Strip out all images, then restate the data verbatim.

Available data Block Start

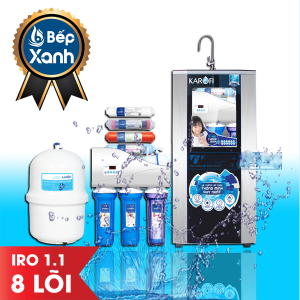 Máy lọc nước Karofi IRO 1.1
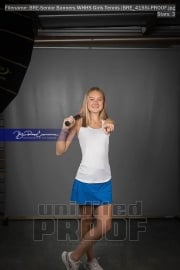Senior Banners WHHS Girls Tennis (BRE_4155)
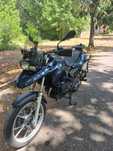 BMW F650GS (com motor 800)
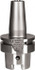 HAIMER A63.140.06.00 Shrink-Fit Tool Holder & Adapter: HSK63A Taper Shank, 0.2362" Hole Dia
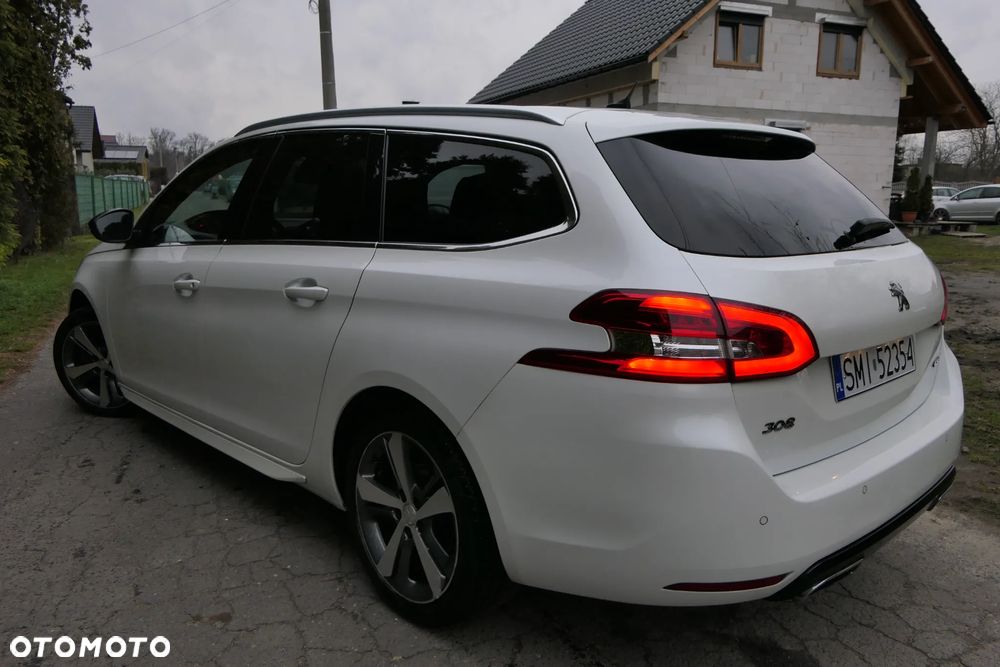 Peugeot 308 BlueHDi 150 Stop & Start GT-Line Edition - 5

Available data Block End

— Answer to this problem —
 Máy lọc nước Karofi IRO 1.1
Senior Banners WHHS Girls Tennis (BRE_4155)
 BMW F650GS (com motor 800)
 HAIMER A63.140.06.00 Shrink-Fit Tool Holder & Adapter: HSK63A Taper Shank, 0.2362" Hole Dia
 Peugeot 308 BlueHDi 150 Stop & Start GT-Line Edition - 5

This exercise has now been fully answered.